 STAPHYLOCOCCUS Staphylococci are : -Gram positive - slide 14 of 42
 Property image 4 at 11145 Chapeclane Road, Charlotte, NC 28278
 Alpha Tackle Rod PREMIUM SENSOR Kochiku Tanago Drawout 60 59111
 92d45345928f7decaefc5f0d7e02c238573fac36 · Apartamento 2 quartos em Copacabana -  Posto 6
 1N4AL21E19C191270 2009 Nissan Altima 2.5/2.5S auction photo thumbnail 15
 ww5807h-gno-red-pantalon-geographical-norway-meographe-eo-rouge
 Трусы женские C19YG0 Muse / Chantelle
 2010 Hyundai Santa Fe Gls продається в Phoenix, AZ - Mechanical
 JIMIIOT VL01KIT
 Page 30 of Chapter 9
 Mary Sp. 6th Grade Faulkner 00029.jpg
==
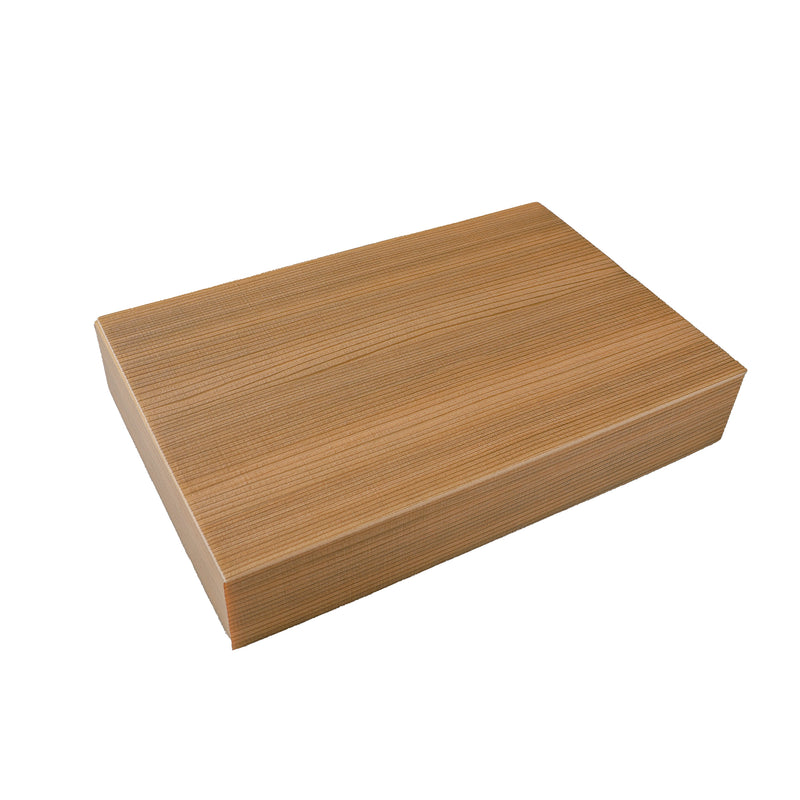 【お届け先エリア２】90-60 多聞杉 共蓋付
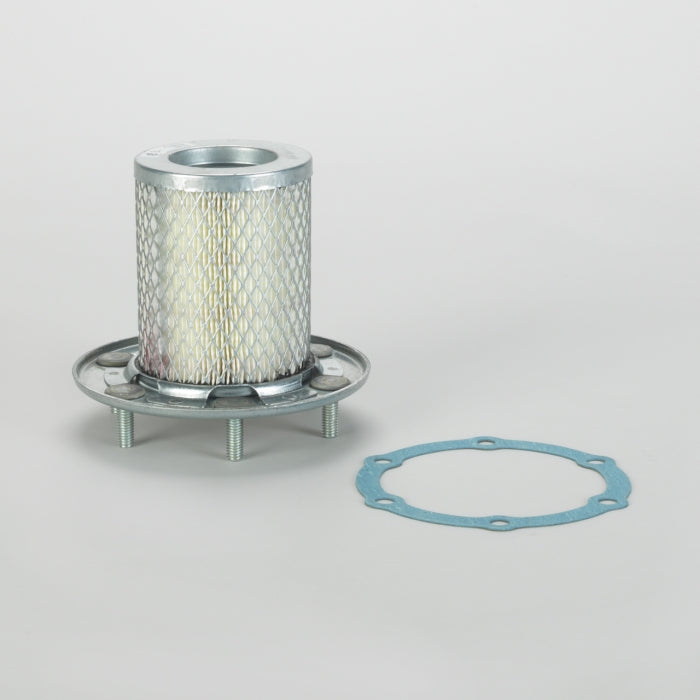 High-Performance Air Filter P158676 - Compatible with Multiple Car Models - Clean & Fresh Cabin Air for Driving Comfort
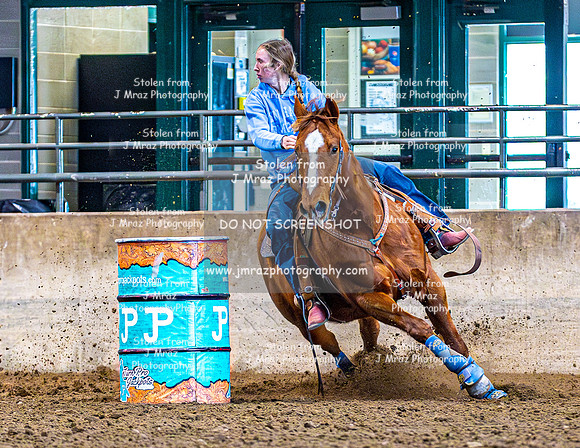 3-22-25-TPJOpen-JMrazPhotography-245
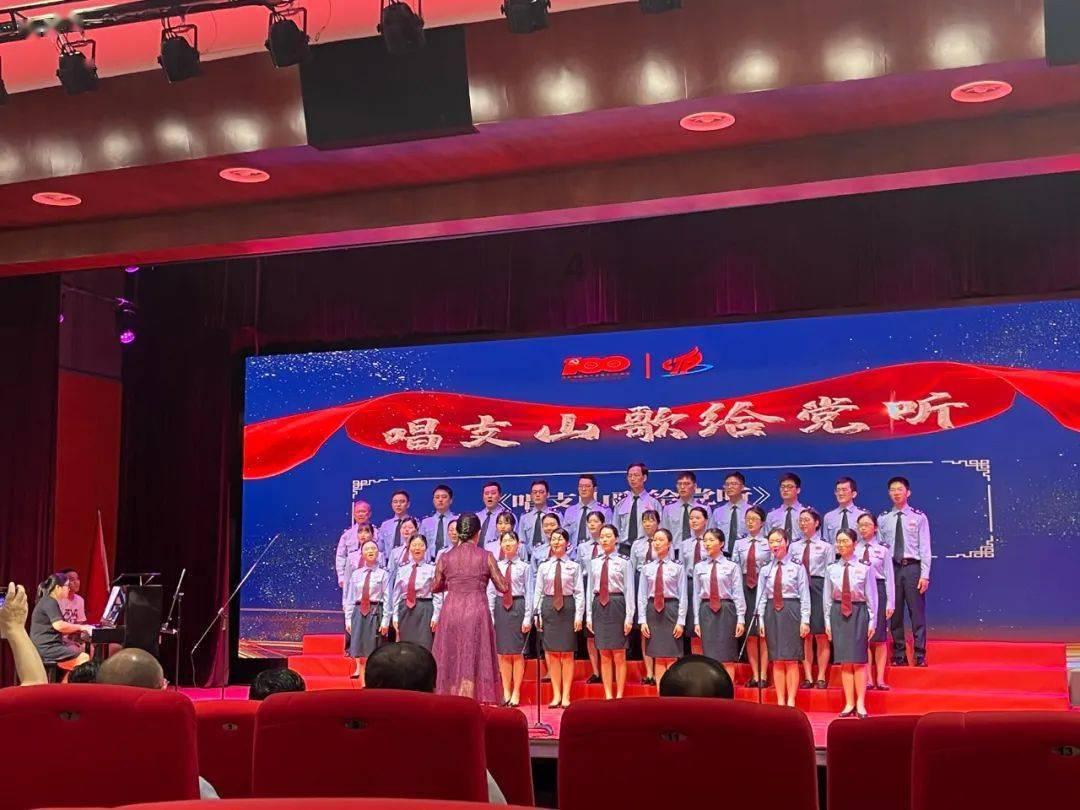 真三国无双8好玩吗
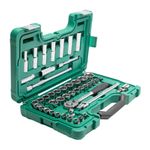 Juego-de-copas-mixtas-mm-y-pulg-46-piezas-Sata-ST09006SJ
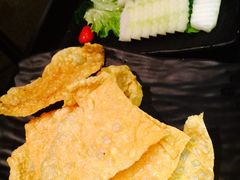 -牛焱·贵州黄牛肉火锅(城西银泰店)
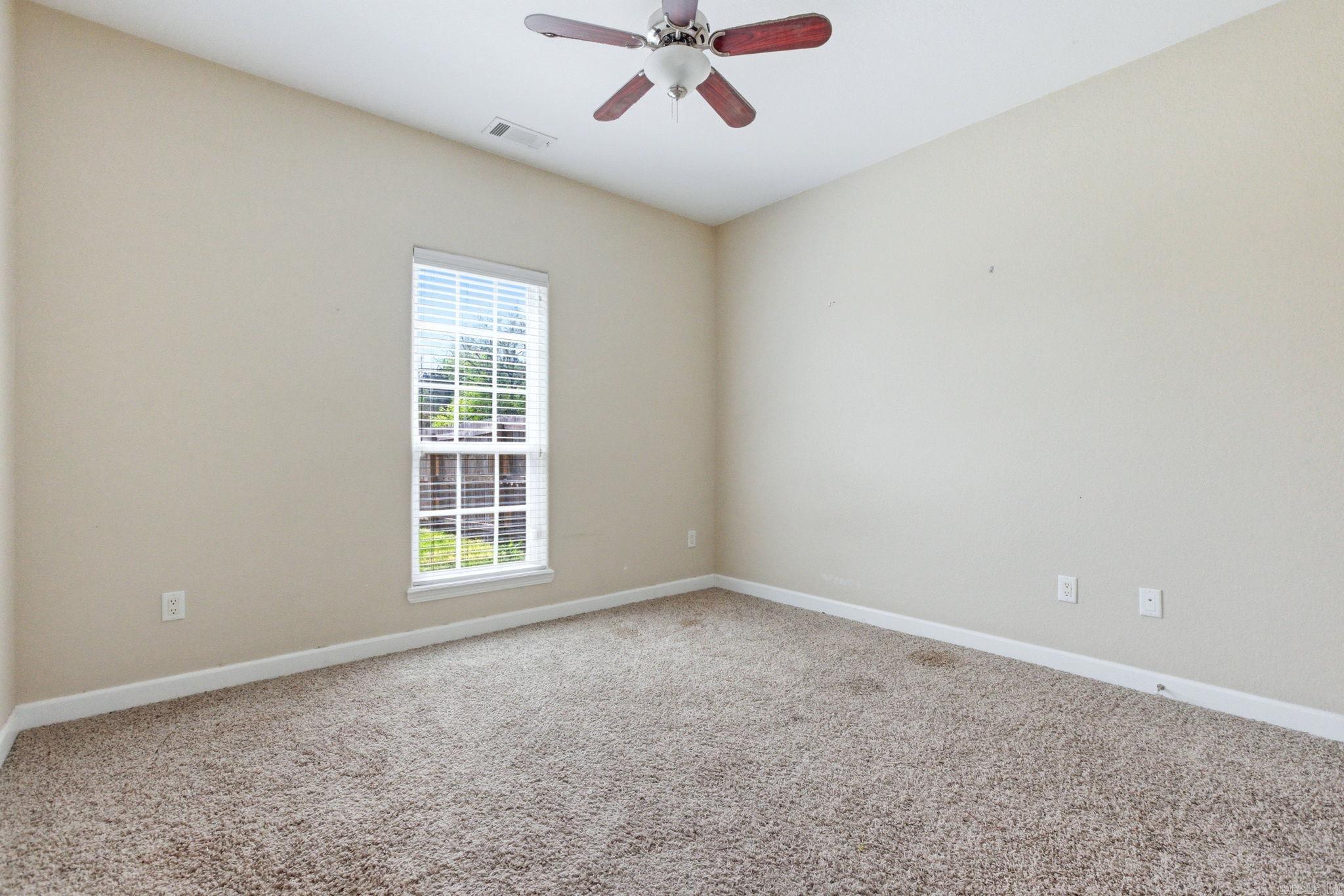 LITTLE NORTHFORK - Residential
* * *
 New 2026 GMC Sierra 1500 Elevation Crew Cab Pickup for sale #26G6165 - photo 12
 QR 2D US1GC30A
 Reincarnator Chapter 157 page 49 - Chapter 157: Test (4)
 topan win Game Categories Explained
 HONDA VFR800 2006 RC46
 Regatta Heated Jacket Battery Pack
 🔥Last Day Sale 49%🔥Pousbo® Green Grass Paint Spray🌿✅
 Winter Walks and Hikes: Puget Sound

> What to do: Precisely the lines between those holding "Трусы женские C19YG0 Muse / Chantelle" and "Mary Sp. 6th Grade Faulkner 00029.jpg", inclusive, are to be reproduced from the listing above, with nothing added.

> Exercise response:
 Трусы женские C19YG0 Muse / Chantelle
 2010 Hyundai Santa Fe Gls продається в Phoenix, AZ - Mechanical
 JIMIIOT VL01KIT
 Page 30 of Chapter 9
 Mary Sp. 6th Grade Faulkner 00029.jpg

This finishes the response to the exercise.